Agsm e Aim hanno chiesto conferimenti di asset nella filiera ambientale e in quella delle rinnovabili, Hera e Alperia-Dolomiti hanno esplicitamente sottolineato che sono disponibili a formulare offerte congiunte nel caso le singole proposte sugli asset non fossero ritenute soddisfacenti

VERONA. Colpo di scena sul dossier Multiutility del Veneto. Nell'ambito del processo di aggregazione tra Agsm Verona e Aim Vicenza, secondo quanto risulta a Radiocor, si profila infatti un possibile asse tra Hera e la cordata Alperia-Dolomiti Energia, per diventare partner industriale della nuova realtà.

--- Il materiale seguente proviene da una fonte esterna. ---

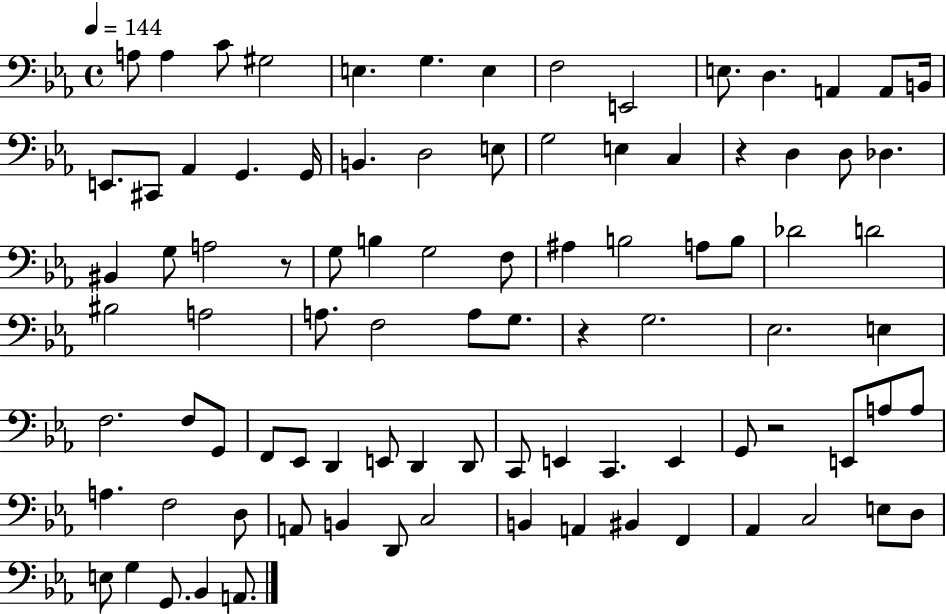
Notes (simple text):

A3/e A3/q C4/e G#3/h E3/q. G3/q. E3/q F3/h E2/h E3/e. D3/q. A2/q A2/e B2/s E2/e. C#2/e Ab2/q G2/q. G2/s B2/q. D3/h E3/e G3/h E3/q C3/q R/q D3/q D3/e Db3/q. BIS2/q G3/e A3/h R/e G3/e B3/q G3/h F3/e A#3/q B3/h A3/e B3/e Db4/h D4/h BIS3/h A3/h A3/e. F3/h A3/e G3/e. R/q G3/h. Eb3/h. E3/q F3/h. F3/e G2/e F2/e Eb2/e D2/q E2/e D2/q D2/e C2/e E2/q C2/q. E2/q G2/e R/h E2/e A3/e A3/e A3/q. F3/h D3/e A2/e B2/q D2/e C3/h B2/q A2/q BIS2/q F2/q Ab2/q C3/h E3/e D3/e E3/e G3/q G2/e. Bb2/q A2/e.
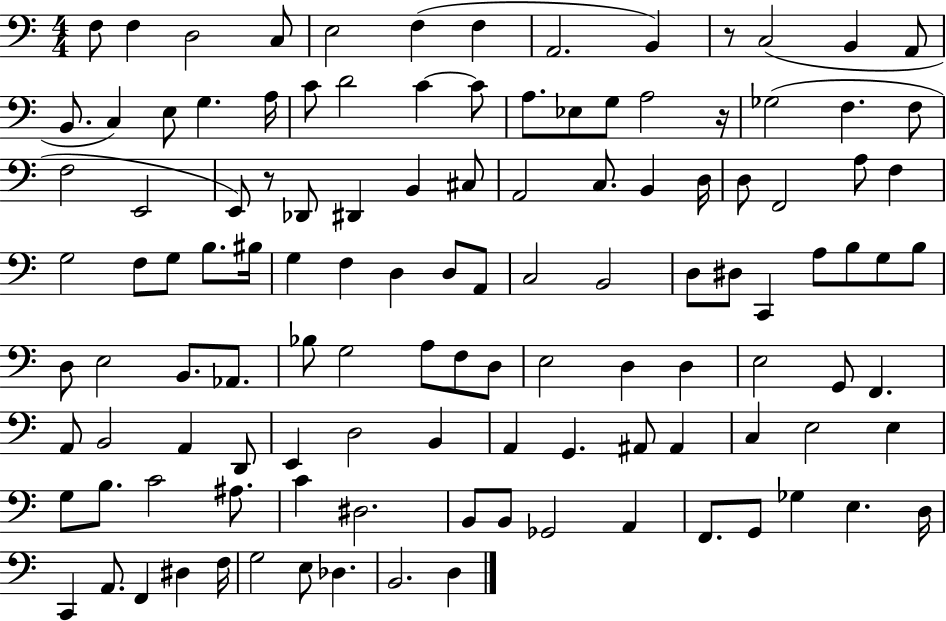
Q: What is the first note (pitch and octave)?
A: F3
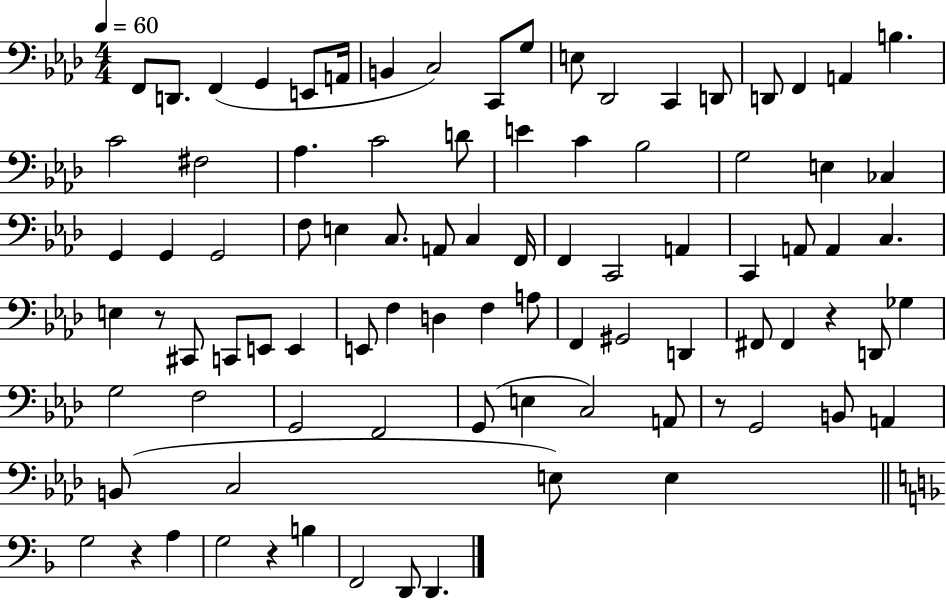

Il progetto in pole position, come noto, resta quello di A2A, che in cambio di asset nella filiera ambientale e nelle rinnovabili sarebbe arrivata a detenere un terzo del capitale della Multiutility del Veneto. A giugno, tuttavia, Agsm e Aim hanno deciso di avviare un processo competitivo in modo da verificare l'infungibilità degli asset (e in generale dello schema di riassetto) messi in campo dal gruppo lombardo.

In questo contesto, nei giorni scorsi, sono pervenuti agli advisor le offerte non vincolanti di Hera e del tandem del Trentino Alto Adige Alperia-Dolomiti (Iren si è sfilata). Proposte integrate e approfondite rispetto a quelle già presentate quasi un mese fa, con una novità rilevante. Dato che Agsm e Aim hanno chiesto conferimenti di asset nella filiera ambientale e in quella delle rinnovabili, Hera e Alperia-Dolomiti hanno esplicitamente sottolineato che sono disponibili a formulare offerte congiunte nel caso le singole proposte sugli asset non fossero ritenute soddisfacenti.

Alperia-Dolomiti, dunque, si farebbero supportare nel segmento ambientale da Hera, che è leader in questa filiera; viceversa Hera si appoggerebbe a Alperia, che è il terzo produttore idroelettrico italiano, sulle rinnovabili. Ora il processo prevede che gli advisor esaminino le proposte arrivate da Hera e da Alperia-Dolomiti e che forniscano un primo responso e soprattutto un confronto con quella di A2A.

Poi, verosimilmente a settembre, toccherà alla politica decidere - in base al verdetto dei consulenti - se proseguire con la semplice fusione a due o se scegliere subito un partner.